CMO wants one thing. CFO wants another. CPO is chasing a different priority entirely. And you’re stuck in the middle, trying to get resources for a plan that feels increasingly like a fantasy.
Here’s what I’ve learned from watching dozens of these situations unfold: The revenue leaders who win aren’t the ones with the best spreadsheets (that helps though). They’re the ones who’ve built enough trust and credibility to actually influence decisions.
This week I sat down with Allison Metcalfe, CRO at Zenoti, to unpack this exact challenge. Allison has one of the more unconventional paths to the CRO seat; she spent her first decade in customer success before moving into revenue leadership at LiveRamp, Demandbase (CRO), and Cloudinary (CRO).
When I asked around about her superpowers, the same theme emerged repeatedly: she’s exceptional at managing executive relationships.
In an era where CROs are increasingly becoming systems architects rather than quota-crushers, this skill might be the most important one we’re not talking about.
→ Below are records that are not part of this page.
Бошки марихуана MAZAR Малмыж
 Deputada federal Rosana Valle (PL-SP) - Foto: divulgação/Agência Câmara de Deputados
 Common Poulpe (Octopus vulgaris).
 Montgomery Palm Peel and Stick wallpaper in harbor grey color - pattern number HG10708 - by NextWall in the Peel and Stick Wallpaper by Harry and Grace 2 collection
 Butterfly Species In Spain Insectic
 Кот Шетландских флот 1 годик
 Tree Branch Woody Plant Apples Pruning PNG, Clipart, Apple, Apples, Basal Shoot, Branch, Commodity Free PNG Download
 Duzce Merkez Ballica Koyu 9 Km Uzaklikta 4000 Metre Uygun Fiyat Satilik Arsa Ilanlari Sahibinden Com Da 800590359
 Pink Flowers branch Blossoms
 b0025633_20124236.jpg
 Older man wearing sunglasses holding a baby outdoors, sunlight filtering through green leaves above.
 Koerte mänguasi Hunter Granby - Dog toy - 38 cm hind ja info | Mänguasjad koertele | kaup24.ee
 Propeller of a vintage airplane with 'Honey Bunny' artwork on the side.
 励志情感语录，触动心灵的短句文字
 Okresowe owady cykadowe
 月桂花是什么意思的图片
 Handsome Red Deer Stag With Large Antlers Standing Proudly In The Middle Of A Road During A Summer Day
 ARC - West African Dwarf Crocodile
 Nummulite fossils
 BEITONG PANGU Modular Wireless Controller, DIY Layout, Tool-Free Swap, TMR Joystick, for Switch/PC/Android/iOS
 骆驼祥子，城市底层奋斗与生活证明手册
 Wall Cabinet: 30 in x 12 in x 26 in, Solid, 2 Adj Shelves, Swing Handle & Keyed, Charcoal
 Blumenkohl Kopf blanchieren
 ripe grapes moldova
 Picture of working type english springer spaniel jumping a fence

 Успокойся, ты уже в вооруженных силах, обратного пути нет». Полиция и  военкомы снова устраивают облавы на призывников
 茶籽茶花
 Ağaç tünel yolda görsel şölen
1. Everyone is already weighing in so you might as well let them
Early in her career, Allison attended a three-day workshop with Liz Wiseman, author of Multipliers, that fundamentally changed how she thinks about leadership.
Allison had just been promoted and was about to take over a distressed team at Jigsaw (Salesforce’s first acquisition). Her original plan was to fly to Spokane, present her vision, and tell everyone not to worry because she had a plan.
After the workshop, she ditched the entire presentation.
“I went up to Spokane and put everyone in a room with a whiteboard and a marker and facilitated a discussion. One of the biggest tenets of Multipliers is that everyone’s weighing in on what you’re doing as a leader, whether or not you’re inviting them to. They’re at the bar after your presentation, talking about your plan, what you don’t get, what they think is stupid. So you may as well give them the opportunity to weigh in and hear them out—because they’re doing it anyways.”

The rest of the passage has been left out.